Subject: Re: [boost] [gsoc] boost.simd news from the front.
From: Joel falcou (joel.falcou_at_[hidden])
Date: 2011-06-10 17:33:37
On 10/06/11 15:16, David A. Greene wrote:
> I don't think this presentation makes the case for this library. That
> said, I am very glad you and others are thinking about these problems.
> Almost everything the compiler needs to vectorize well that it does not
> get from most language syntax can be summed up by two concepts: aliasing
> and alignment.
No. How can a compiler vectorized a function in another binary .o ?
Like who is gonna vectorize cos and its ilk ?
> I don't see how pack<> addresses the aliasing problem in any way that is
> not similar to simply grabbing local copies of global data or
> parameters. Various C++ "restrict" extensions already address the
> latter.

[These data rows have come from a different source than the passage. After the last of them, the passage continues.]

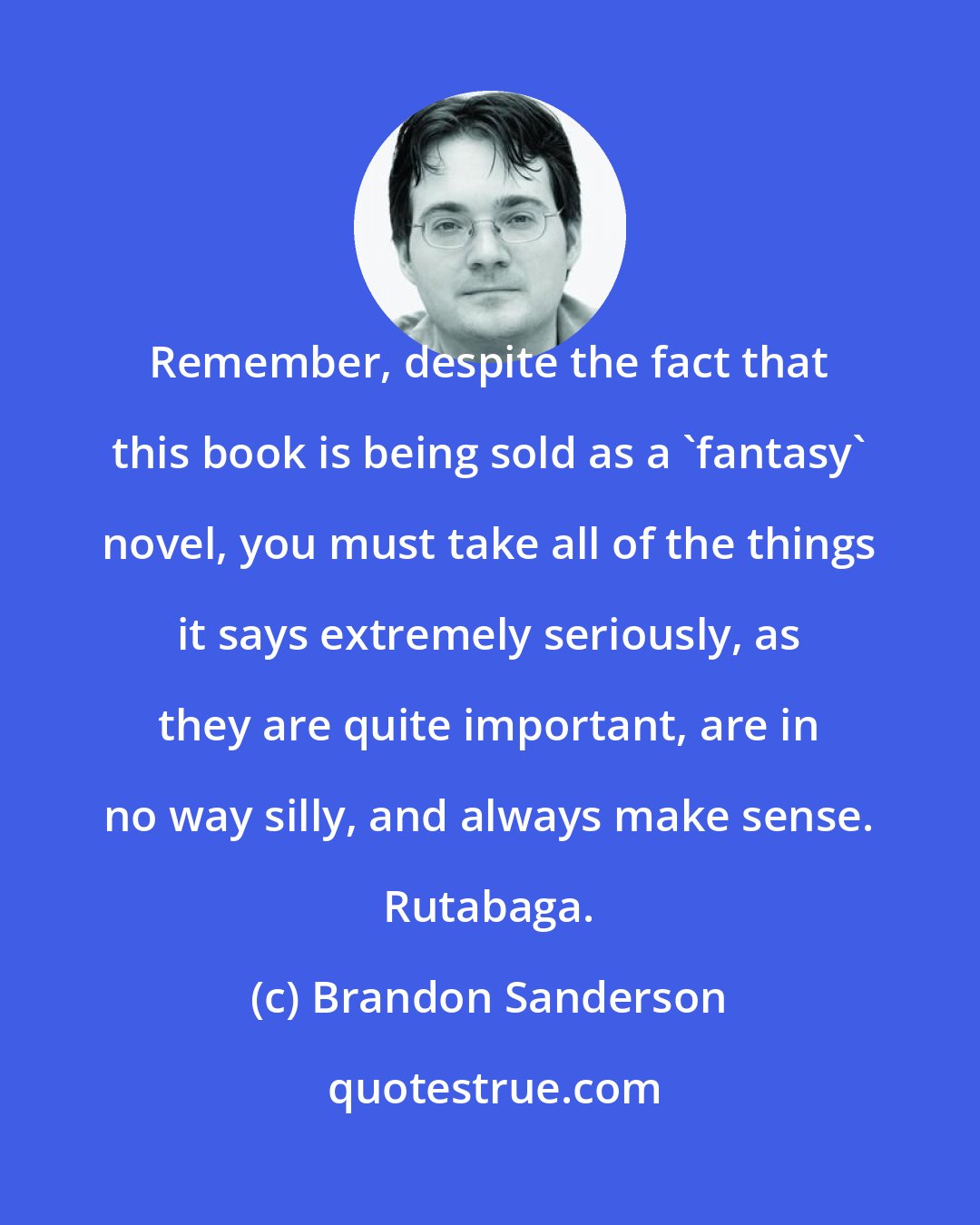 Brandon Sanderson: Remember, despite the fact that this book is being sold as a 'fantasy' novel, you must take all of the things it says extremely seriously, as they are quite important, are in no way silly, and always make sense. Rutabaga.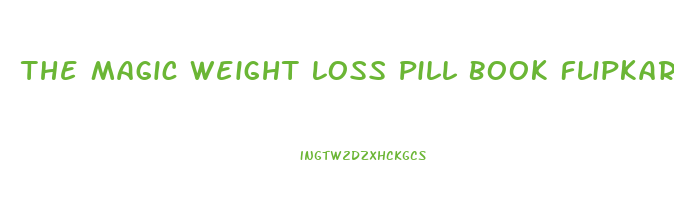 The Magic Weight Loss Pill Book Flipkart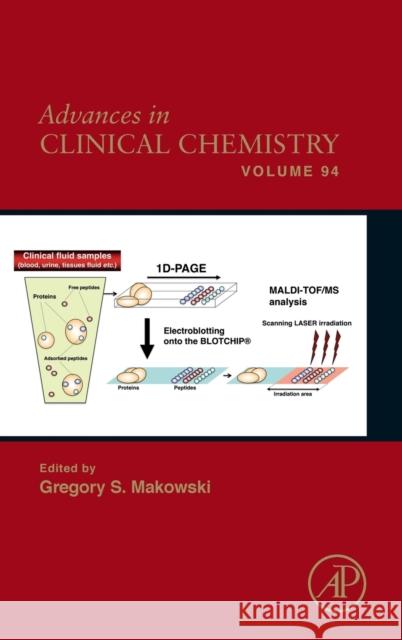 Advances in Clinical Chemistry: Volume 94 Makowski, Gregory S. 9780128208014 Elsevier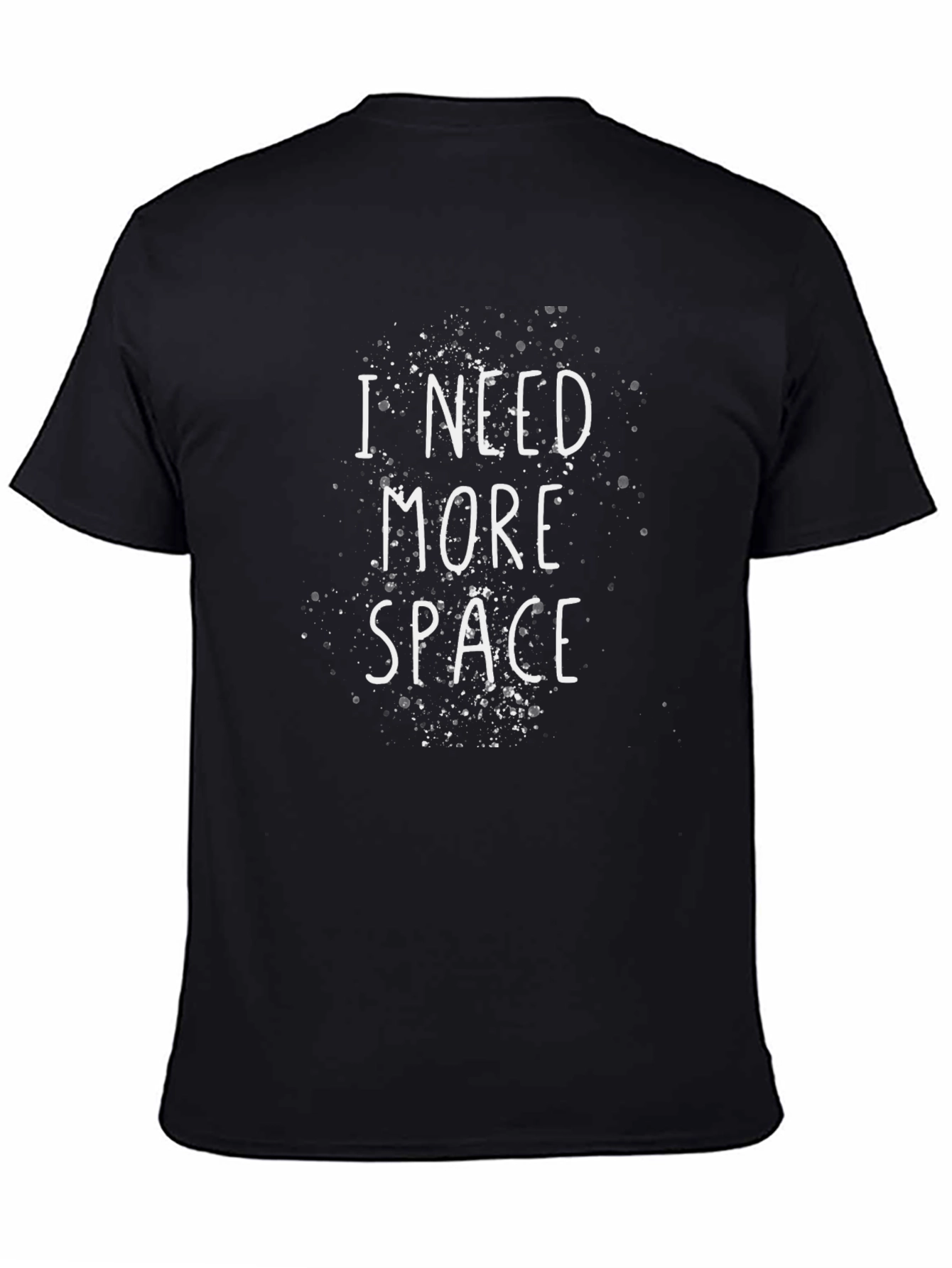 I Need More Space Graphic T-Shirt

We desperately need something much better than "restrict" in
> standard C++. Manycore is the future and parallel processing is the new
If you read the slides, you would have seen that pack is like the
messenger of the whole sidm range system which is fitting right into
*higher level of abstraction* and not some piggy backing of the compiler.
> pack<> does address alignment, but it's overkill. It's also
> pessimistic. One does not always need aligned data to vectorize, so the
> conditions placed on pack<> are too restrictive. Furthermore, the
> alignment information pack<> does convey will likely get lost in the
> depths of the compiler, leading to suboptimal code generation unless
> that alignment information is available elsewhere (and it often is).

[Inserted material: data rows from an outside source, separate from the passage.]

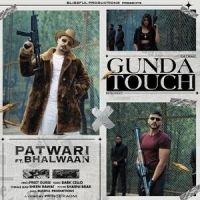 Gunda Touch Patwari, Bhallwaan MP3 Song, Gunda Touch Album
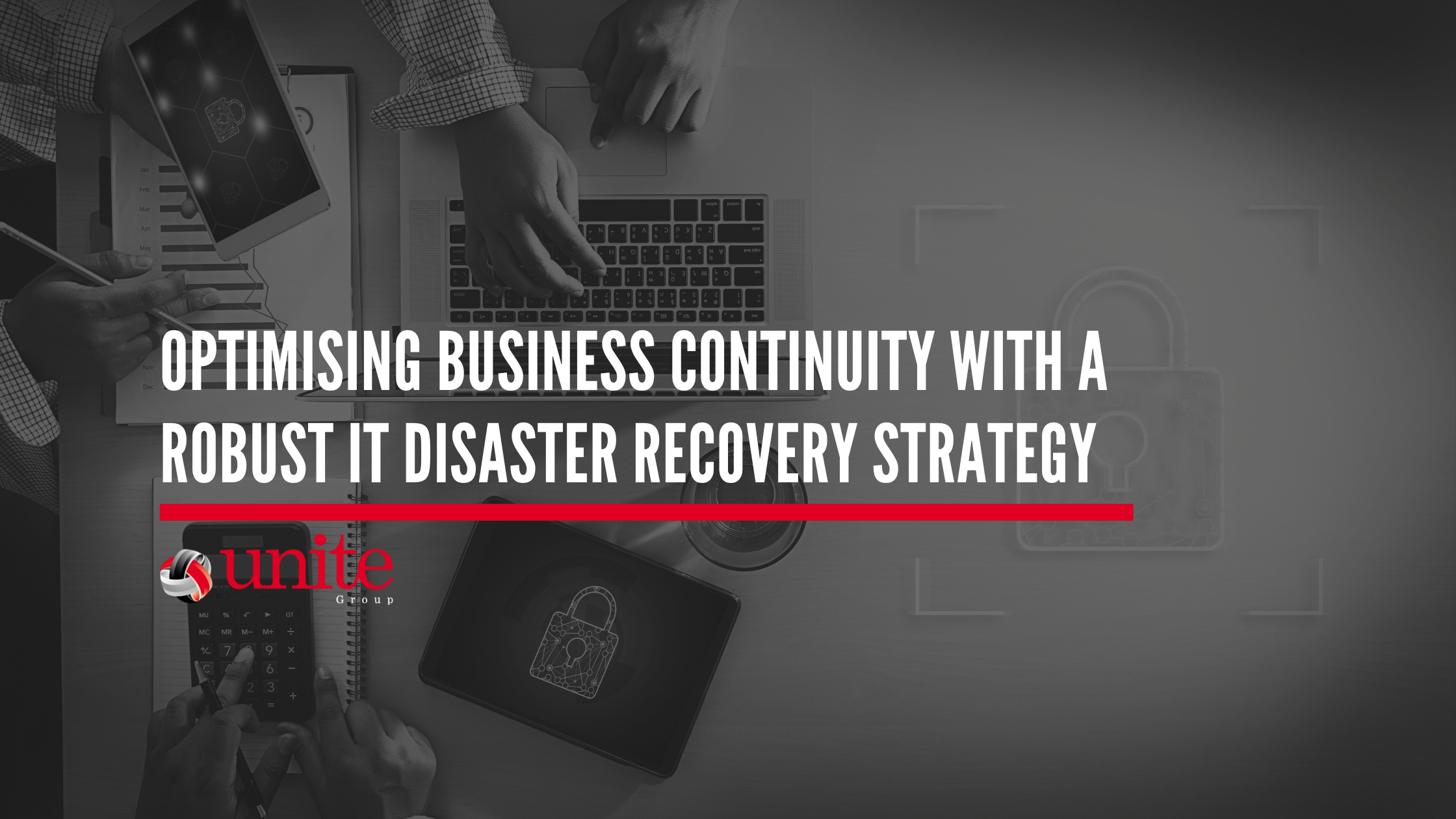 Optimising Business Continuity with a Robust IT Disaster Recovery Strategy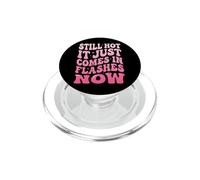 Still Hot It Just Comes in Flashes Now Âge Moyen PopSockets PopGrip pour MagSafe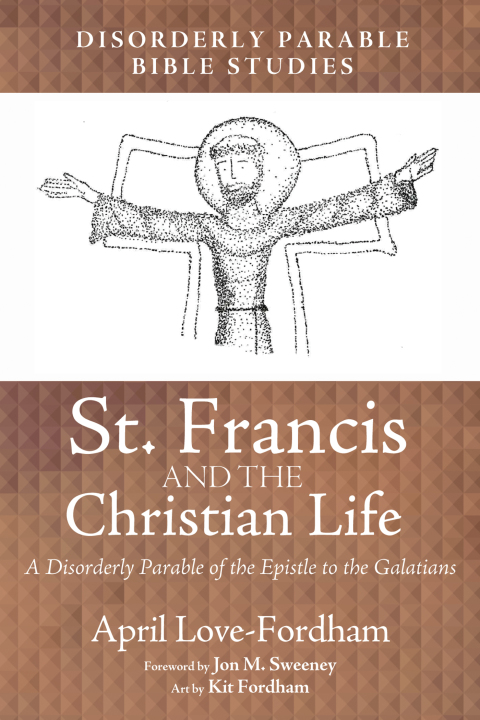 Cover image for book St. Francis and the Christian Life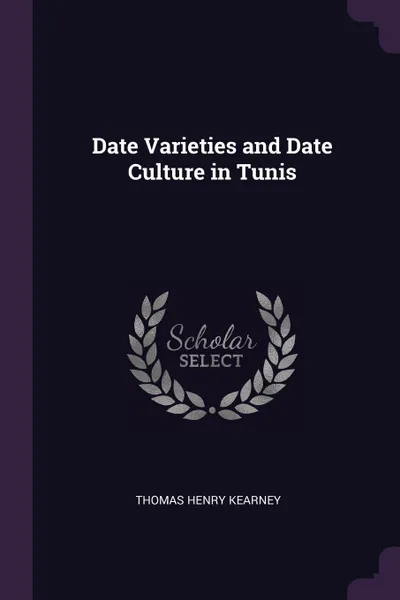 Обложка книги Date Varieties and Date Culture in Tunis, Thomas Henry Kearney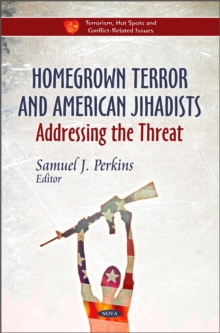 Homegrown Terror and American Jihadists : Addressing the Threat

Well, my benchmarks disagree with this. See this old post of mine one
year ago about the same subject. If getting 95% of peak performances
is pessimistic, then sorry.
> I think a far more useful design of this library would be providing
> standard ways to assert certain conditions. For example:
No. Range that accept SIMD operations are a perfect HL feature. We are
writing a library not an extension for compilers.
> What's under the operators on pack<>? Is it assembly code?
No as naked assembly prevent proper inlining and other register based
compiler optimisation. We use w/e intirnsic is avialable for the current
compiler/architecture at hand.
> I wonder how pack<T> can know the best vector length. That is highly,
> highly code- and implementation-dependent.
No. On SSEx machine, SIMD vector are 128 bits, this means pack<T,
sizeof(T)/16> is optimal so a simple meta-function finds it.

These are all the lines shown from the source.